God rested from "the work of creating He had done", not from everything else. Right here on September 28, 2019, "in all things God works for the good of those who love Him, who have been called according to His purpose". (Romans 8:28) God is actively working in the lives of believers. He is actively working in the lives of unbelievers as well, for as long as they have breath in their bodies He is dealing with their hearts in His office as God the Holy Spirit, urging them to come to repentance and to come to faith in God the Son. There is not a human being on the face of the earth with whom God is not interacting in some fashion every single day of their lives.

Knowing all this, let's look back to the words of King David who praised the God who so fearfully and wonderfully made him, the God who had His eyes on him every second of his life.

"You have searched me, Lord, and You know me. You know when I sit and when I rise; You perceive my thoughts from afar.
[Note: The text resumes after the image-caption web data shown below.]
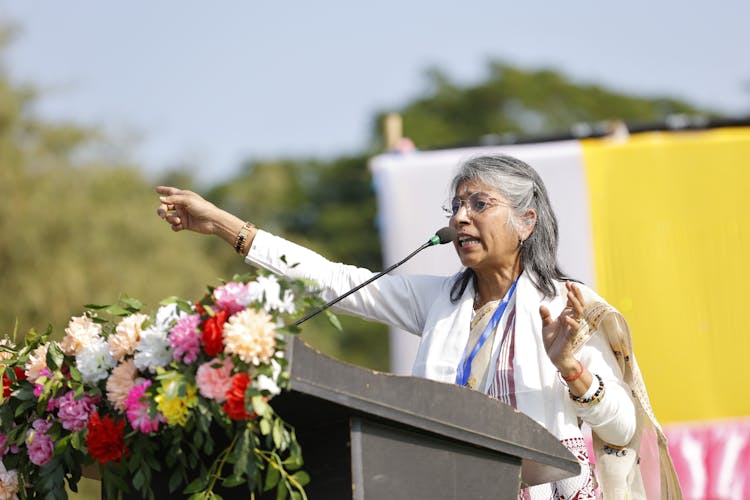 Woman Speaking From A Pulpit 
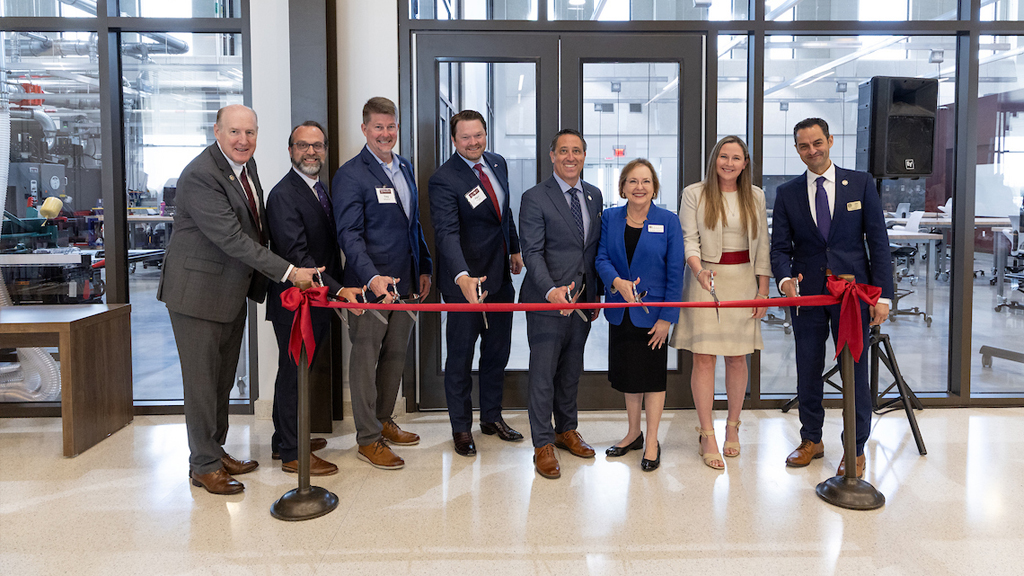 A group of people take part in the ribbon cutting at the STEM Education and Research Center at RELLIS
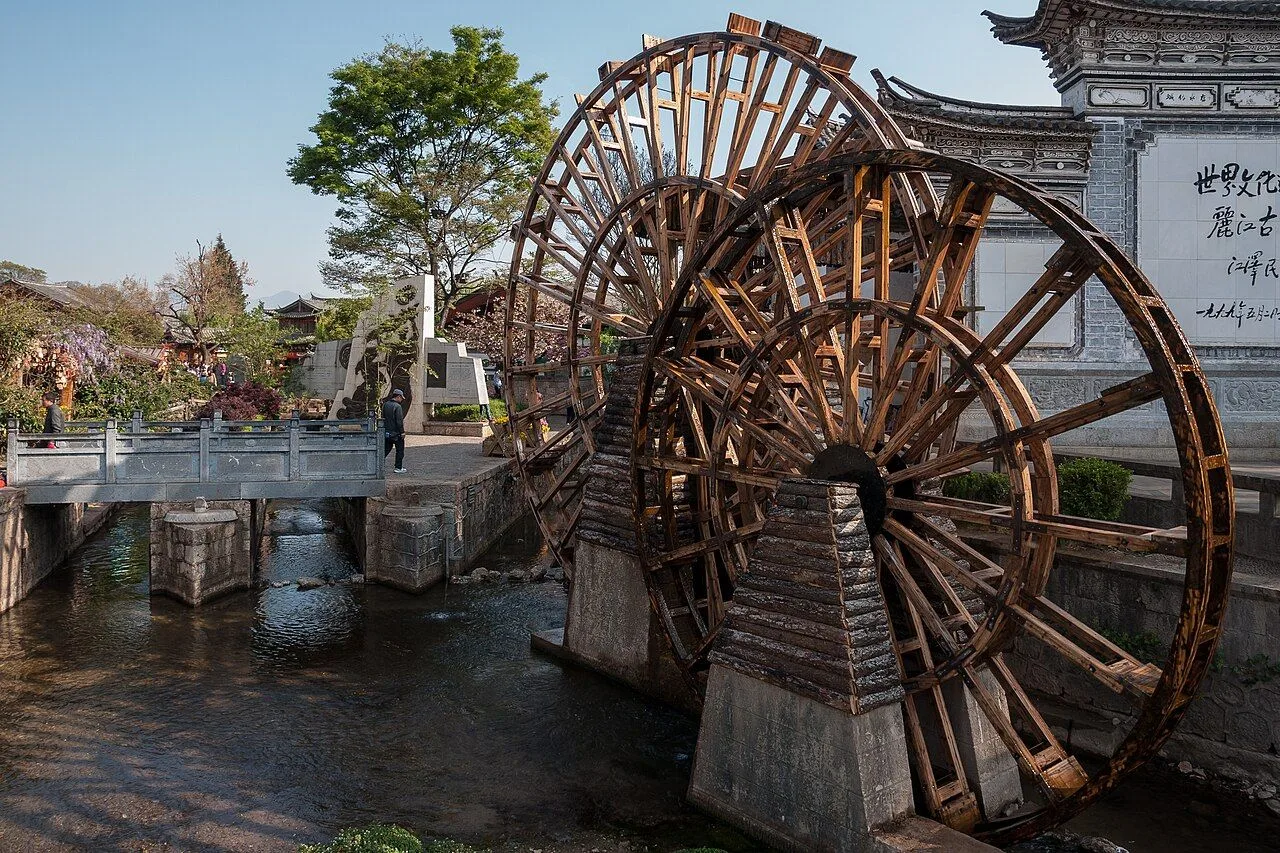 The iconic water wheels on the canal at the entrance to Lijiang Old Town in Yunnan — with the stone bridge and traditional Naxi architecture in the background, the symbol of the town and its 800-year-old water-powered economy fed by the Jade Dragon Snow Mountain snowmelt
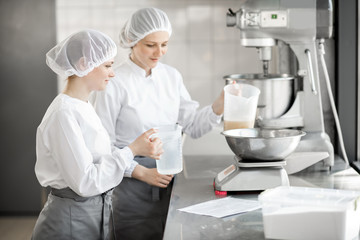 Two female confectioners in uniform weighing ingredients for pastry working at the bakery...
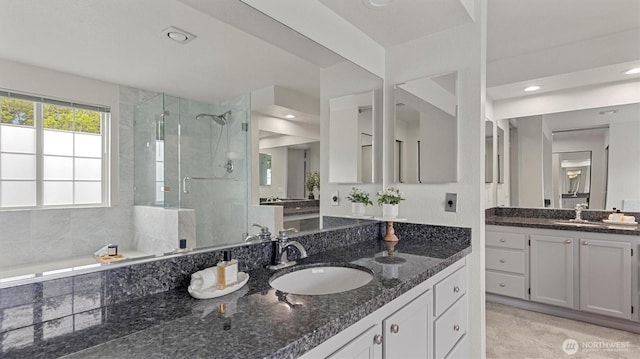 11405 SE 65th St, Bellevue, WA 98006 - full bathroom with a shower stall, two vanities, a garden tub, and recessed lighting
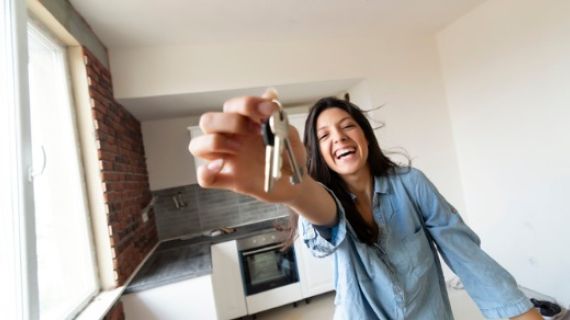 A young lady holding a set of house keys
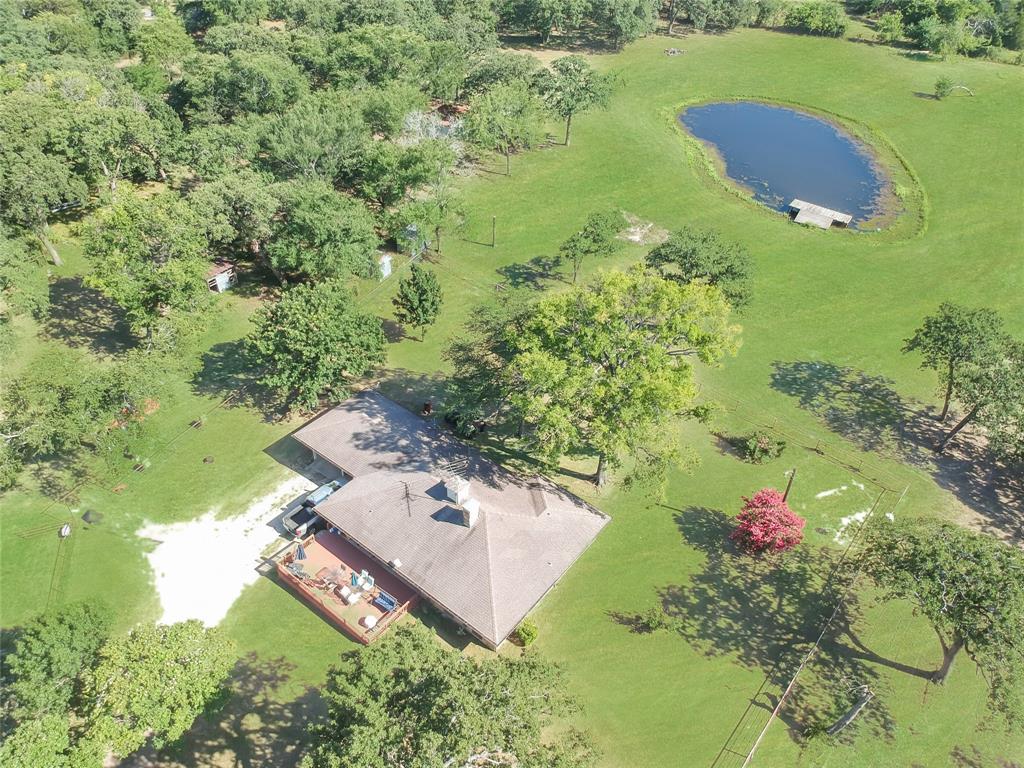 1001 Sandy Ridge Road Scurry, TX 75158 - Photo 5 of 35 Expansive grounds featuring a private pond with a small dock, mature trees, and a sprawling residence with a large outdoor deck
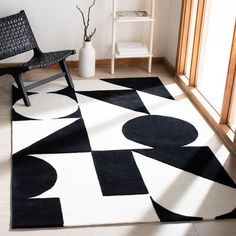 a black and white area rug with circles on it in front of an open window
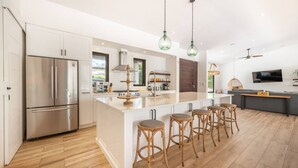 Cozinha moderna com uma ilha grande, eletrodomésticos de aço inoxidável e banquetas de madeira.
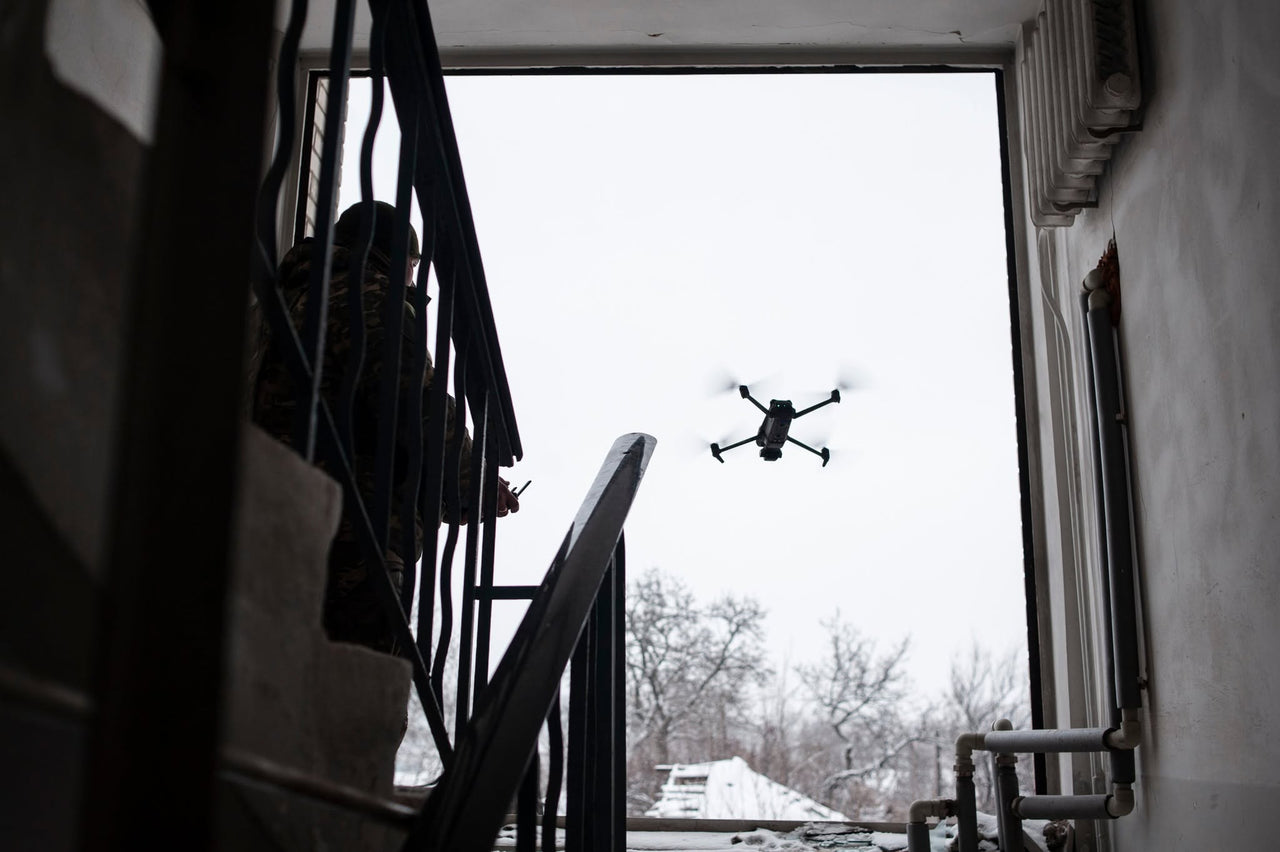 A drone outside a stairwell window.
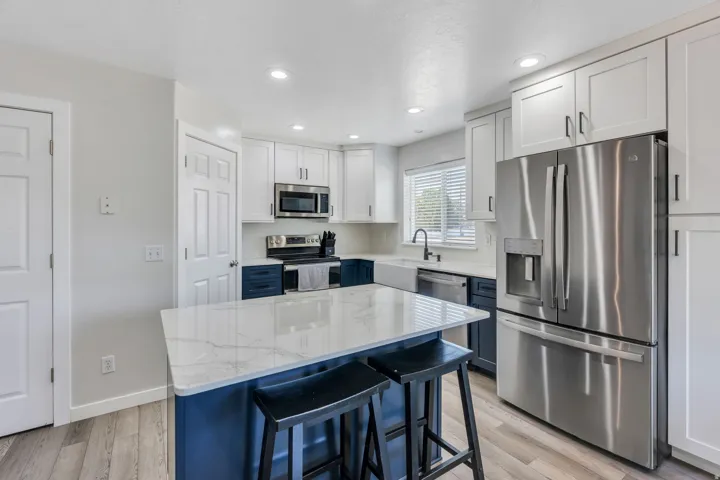 Modern kitchen featuring white shaker cabinetry, stainless steel French-door refrigerator, and built-in microwave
You discern my going out and my lying down; You are familiar with all my ways. Before a word is on my tongue, You, Lord, know it completely. You hem me in behind and before, and You lay Your hand upon me. Such knowledge is too wonderful for me, too lofty for me to attain. Where can I go from Your Spirit? Where can I flee from Your presence? If I go up to the heavens, You are there; if I make my bed in the depths, You are there. If I rise on the wings of the dawn, if I settle on the far side of the sea, even there Your hand will guide me, Your right hand will hold me fast." (Psalm 139:1-10) God is close to you, closer than you even know. He knows everything about you, the good and the bad, and He loves you anyway. He's willing and eager to be the Lord of your life and your Helper and Defender.